- Assignment:
Give the data below again exactly as written, without its pictures.

*** Information shown ***

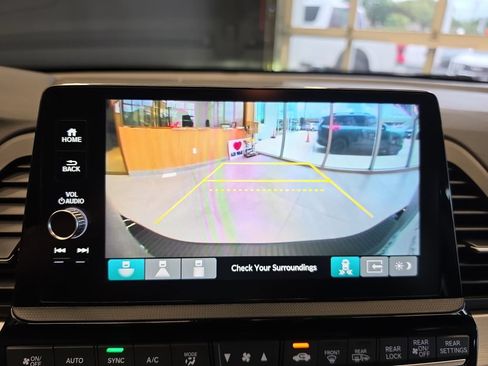 Used 2025 Honda Odyssey Touring image 27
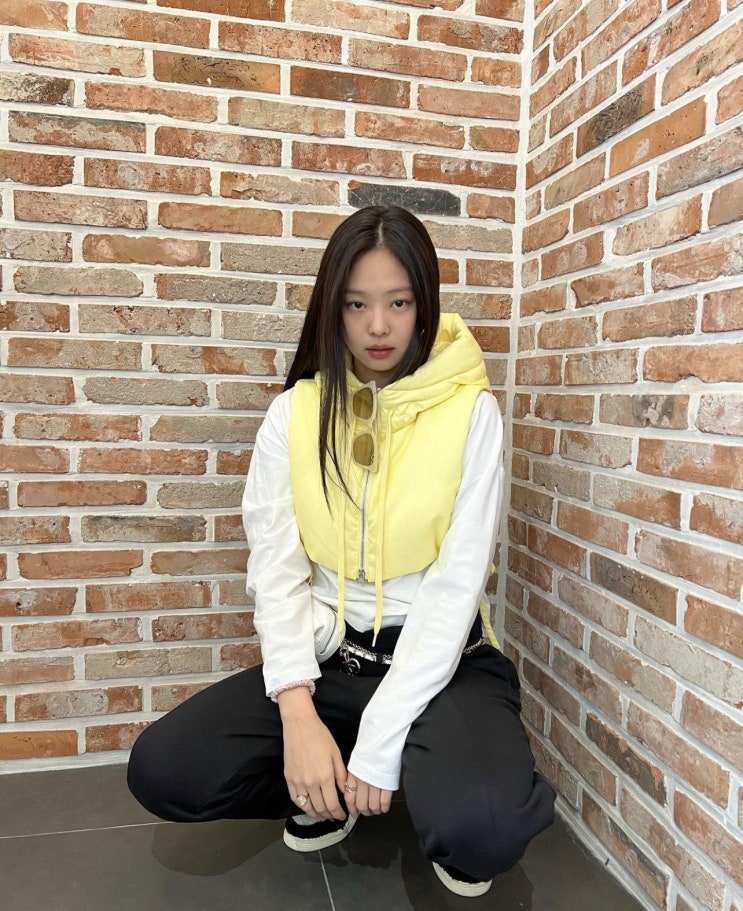  제니 레몬색  조끼(MM6),젠틀몬스터 선글라스,샤넬 하트클러치,체인 벨르,스니커트 : Jennie fashion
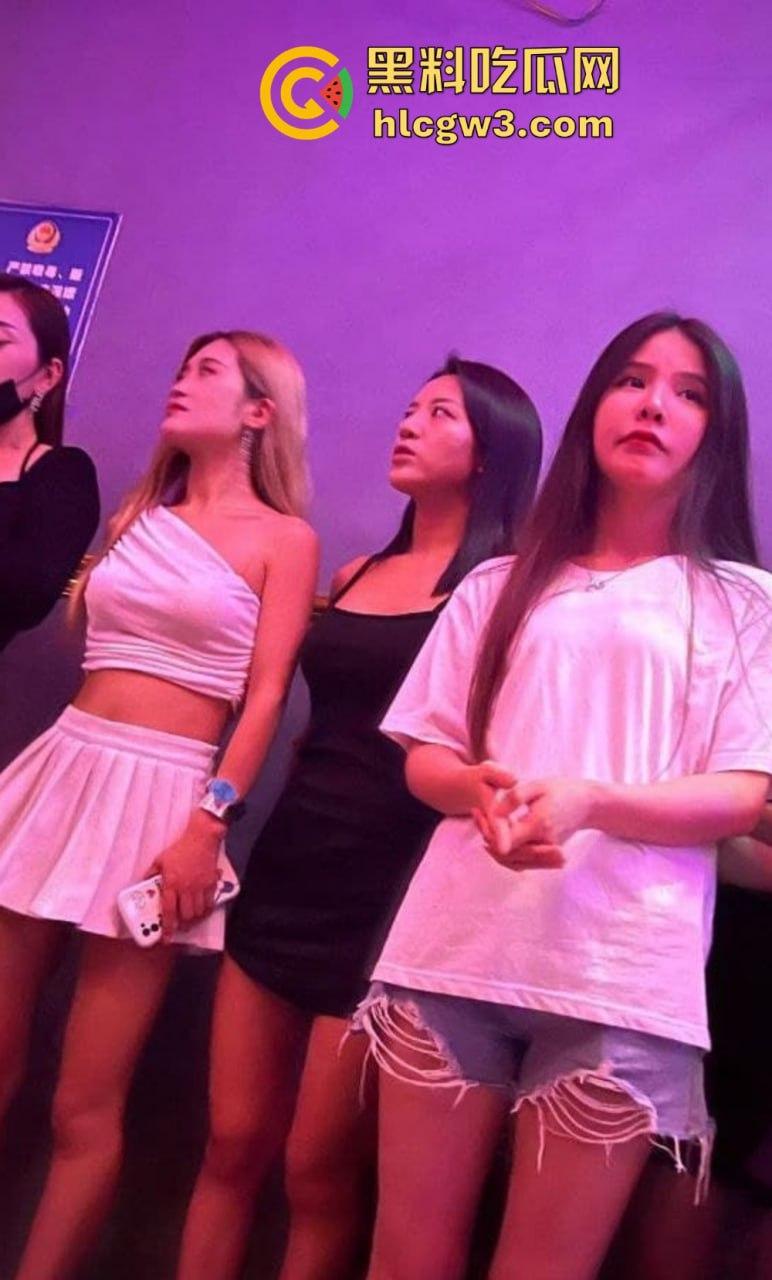 成都疯狂莎莎舞厅变淫乱天堂 抠逼摸奶一条龙口爆玩到飞起 站桩美女如云这夜晚简直刺激到炸！-27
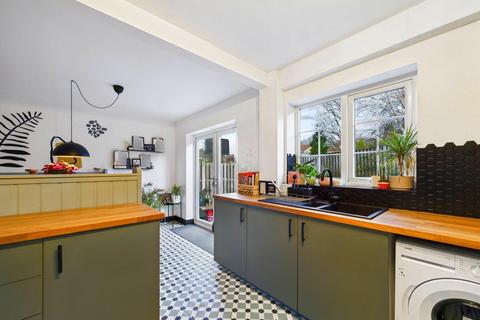 3 bedroom terraced house for sale, Camp Mount, Pontefract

*** End of Information shown ***

- Reply to the exercise:
 Used 2025 Honda Odyssey Touring image 27
  제니 레몬색  조끼(MM6),젠틀몬스터 선글라스,샤넬 하트클러치,체인 벨르,스니커트 : Jennie fashion
 成都疯狂莎莎舞厅变淫乱天堂 抠逼摸奶一条龙口爆玩到飞起 站桩美女如云这夜晚简直刺激到炸！-27
 3 bedroom terraced house for sale, Camp Mount, Pontefract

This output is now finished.